For integration tests, a bash script is provided which runs through the test data and validates the generated XML files against the corresponding schema:

bash tests/validate_test_data.sh $(pwd) /tmp/test_output

Package structure

The code is built around the concept of having a set of classes represent metadata and provide internal logic, functionality for serializing and de-serializing etc. Such a set of classes can then represent metadata from a specific source (e.g. LIMS, NGI, SRA) and are collected as a separate module under snpseq_metadata/models/[source]_models.

A conversion layer that provide functionality to convert between metadata models is provided in snpseq_metadata/models/converter.py, with the help of library mappings from NGI to SRA terminologies in snpseq_metadata/models/ngi_to_sra_library_mapping.py.

ENA/SRA XML schema

ENA/SRA provide XML schema (in XSD format), specifying the format for the metadata XML files used for programmatic submission of raw sequences to the repository.

xsdata

The xsdata library was used to create python dataclasses from the XML schemas provided by SRA. These dataclasses are used to export the modeled metadata into XML format, corresponding to the SRA schemas. The snpseq_metadata package contains wrappers around the dataclasses and functionality for converting between different data models.

This is the typical command for creating the python dataclasses for the XML schema files located in resources/schema using xsdata:

$ cd snpseq_metadata/models && \
  xsdata generate \
    -p xsdata ../../resources/schema

NGI to SRA library mapping

The SRA model have a terminology for Library selection, Library source and Library strategy that is not directly translatable from the fields stored in e.g. Clarity LIMS. Therefore, the file snpseq_metadata/models/ngi_to_sra_library_mapping.py contains functionality for mapping the NGI terminology to the SRA terminology.

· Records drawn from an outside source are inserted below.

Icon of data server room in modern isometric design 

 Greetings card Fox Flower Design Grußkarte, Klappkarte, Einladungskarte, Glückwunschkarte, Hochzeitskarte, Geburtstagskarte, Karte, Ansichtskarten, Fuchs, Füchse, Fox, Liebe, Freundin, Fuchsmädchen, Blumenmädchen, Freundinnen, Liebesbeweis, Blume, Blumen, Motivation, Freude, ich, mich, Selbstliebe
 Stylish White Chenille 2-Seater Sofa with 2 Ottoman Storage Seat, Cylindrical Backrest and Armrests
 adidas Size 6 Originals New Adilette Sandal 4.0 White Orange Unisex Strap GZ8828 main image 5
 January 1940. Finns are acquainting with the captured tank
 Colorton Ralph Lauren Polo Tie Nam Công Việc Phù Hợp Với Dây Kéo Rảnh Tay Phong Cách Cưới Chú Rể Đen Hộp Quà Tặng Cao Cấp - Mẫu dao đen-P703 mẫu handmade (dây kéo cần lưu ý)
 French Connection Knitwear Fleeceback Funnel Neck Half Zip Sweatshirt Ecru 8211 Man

To add a new mapping for a application, sample type and sample prep kit, create a class that is a subclass of ApplicationSampleTypeMapping and has class variables

ngi_application
ngi_sample_type
ngi_sample_prep_kit

containing the possible values (in lower case) stored in Clarity LIMS. Use the class variables

sra_library_strategy
sra_library_source
sra_library_source

to specify the corresponding SRA values. Here is an example for bisulfite sequencing libraries:

class Bisulphite(ApplicationSampleTypeMapping):
    """
    Bisulphite sequencing
    """

    ngi_application = "epigenetics"
    ngi_sample_type = "gdna"
    ngi_sample_prep_kit = ["splat", "nebnext enzymatic methyl-seq kit"]

    sra_library_strategy = TypeLibraryStrategy.BISULFITE_SEQ
    sra_library_source = TypeLibrarySource.GENOMIC
    sra_library_selection = TypeLibrarySelection.RANDOM

The ApplicationSampleTypeMapping class contains logic for finding the correct mapping from a NGI model. If needed, this logic can be overridden in the subclass.